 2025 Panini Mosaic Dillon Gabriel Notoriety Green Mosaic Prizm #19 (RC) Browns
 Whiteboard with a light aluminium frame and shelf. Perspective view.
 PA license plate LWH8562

---

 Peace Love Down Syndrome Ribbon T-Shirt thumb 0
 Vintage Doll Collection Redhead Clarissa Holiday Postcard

--

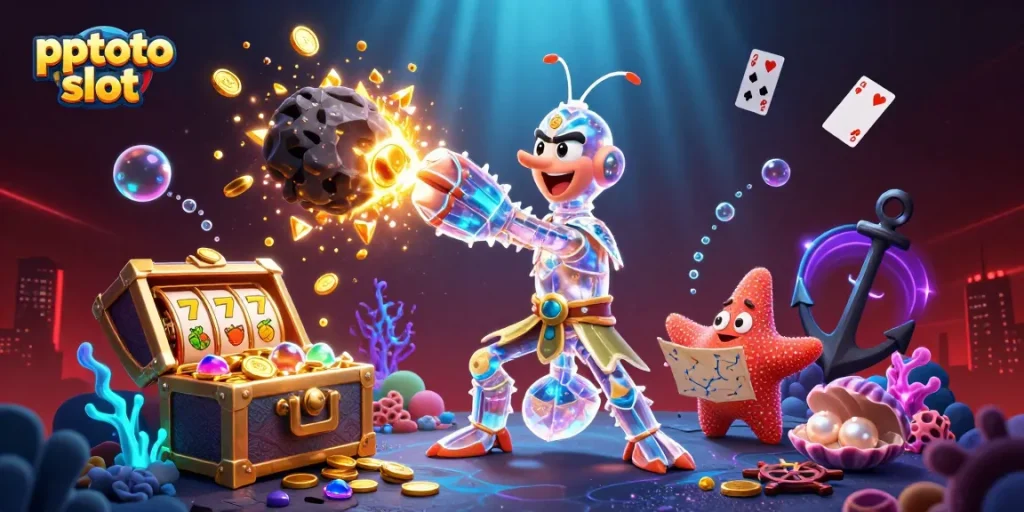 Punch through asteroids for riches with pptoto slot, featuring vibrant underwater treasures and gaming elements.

> [Task goal]:
Using the entries above, output exactly the lines between the line holding "Peace Love Down" and the line holding "Vintage Doll Collection", end lines included, and nothing more.

> [Result of the exercise]:
 Peace Love Down Syndrome Ribbon T-Shirt thumb 0
 Vintage Doll Collection Redhead Clarissa Holiday Postcard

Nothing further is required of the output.